Department of Biomedical Informatics & Medical Education, University of Washington, Seattle, WA, USA.
Department of Computer Science, Rice University, Houston, TX, USA.
J Biomed Inform. 2021 Jul;119:103833. doi: 10.1016/j.jbi.2021.103833. Epub 2021 Jun 8.

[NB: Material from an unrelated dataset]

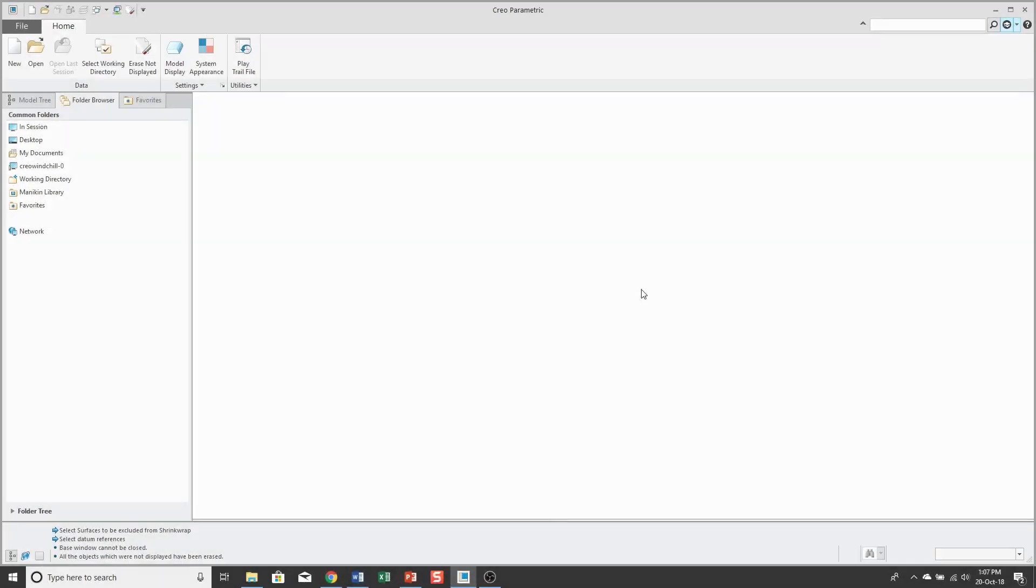In another video, I created a skeleton that contained a shrink wrap feature that referenced geometry from a higher level assembly. But sometimes when you create a skeleton, it'll only have native geometry, geometry that is created inside of that skeleton.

Adverse Drug Events (ADEs) are prevalent, costly, and sometimes preventable. Post-marketing drug surveillance aims to monitor ADEs that occur after a drug is released to market. Reports of such ADEs are aggregated by reporting systems, such as the Food and Drug Administration (FDA) Adverse Event Reporting System (FAERS). In this paper, we consider the topic of how best to represent data derived from reports in FAERS for the purpose of detecting post-marketing surveillance signals, in order to inform regulatory decision making. In our previous work, we developed aer2vec, a method for deriving distributed representations (concept embeddings) of drugs and side effects from ADE reports, establishing the utility of distributional information for pharmacovigilance signal detection. In this paper, we advance this line of research further by evaluating the utility of encoding orthographic and lexical information. We do so by adapting two Natural Language Processing methods, subword embedding and vector retrofitting, which were developed to encode such information into word embeddings. Models were compared for their ability to distinguish between positive and negative examples in a set of manually curated drug/ADE relationships, with both aer2vec enhancements offering advantages in performances over baseline models, and best performance obtained when retrofitting and subword embeddings were applied in concert. In addition, this work demonstrates that models leveraging distributed representations do not require extensive manual preprocessing to perform well on this pharmacovigilance signal detection task, and may even benefit from information that would otherwise be lost during the normalization and standardization process.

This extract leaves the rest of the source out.